From the line containing "Bella Sirena 601-D" down to the final line of the entries below, return each line exactly and drop the pictures.

================================

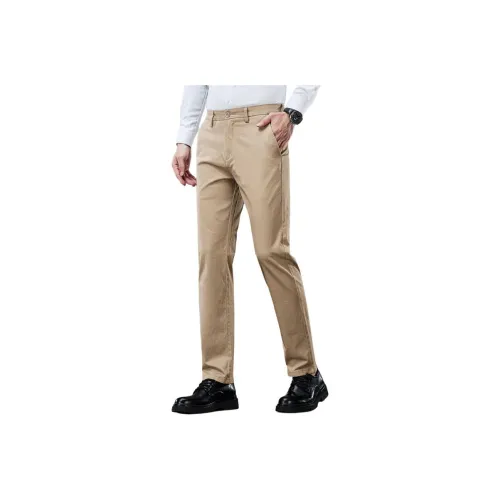 XIGUAN Унисекс Повседневные Штаны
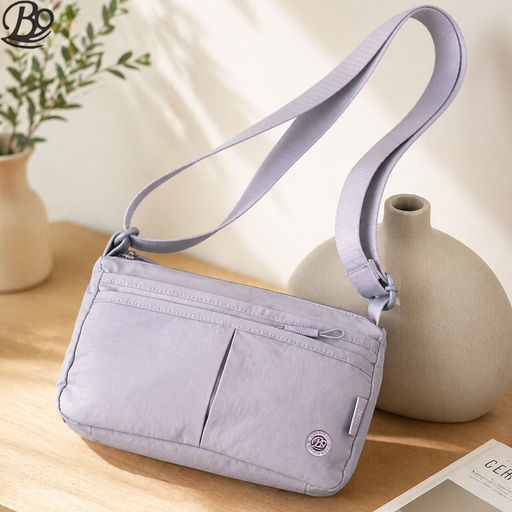 Сумка K2-BB-0791-Purple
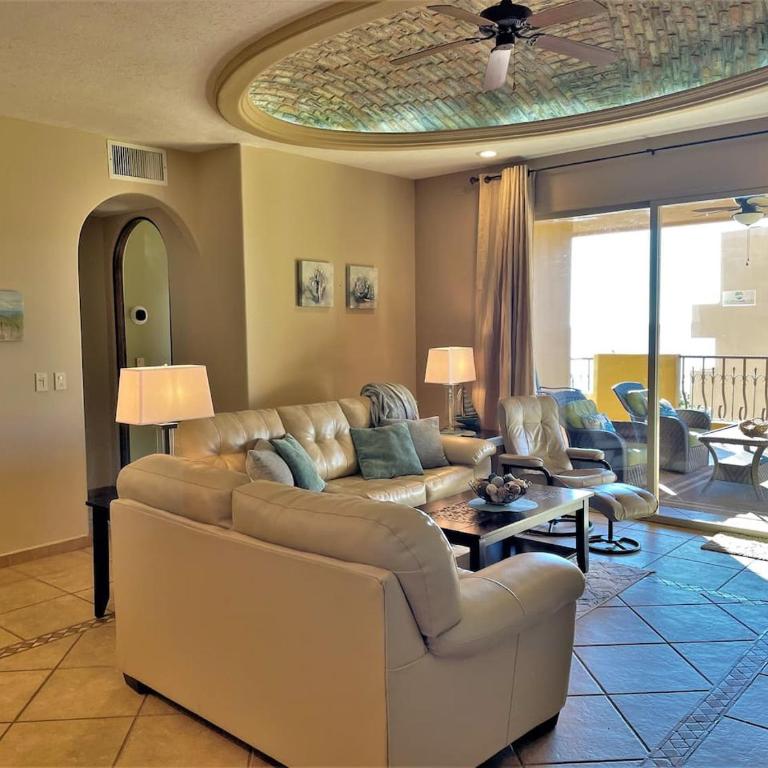 Bella Sirena 601-D - Apartamento con vistas al mar - 2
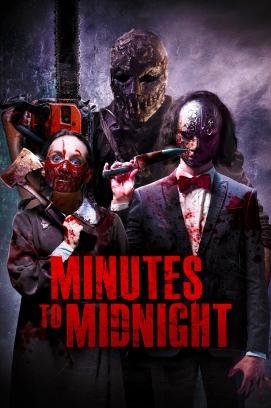 Minutes to Midnight - Bete, dass sie nicht vorbeischauen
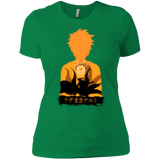T-Shirts Kelly Green / X-Small An inner battle Women's Premium T-Shirt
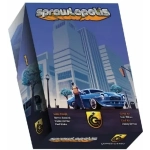 Sprawlopolis - EN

================================

◆ Answer to the exercise ◆
 Bella Sirena 601-D - Apartamento con vistas al mar - 2
 Minutes to Midnight - Bete, dass sie nicht vorbeischauen
T-Shirts Kelly Green / X-Small An inner battle Women's Premium T-Shirt
 Sprawlopolis - EN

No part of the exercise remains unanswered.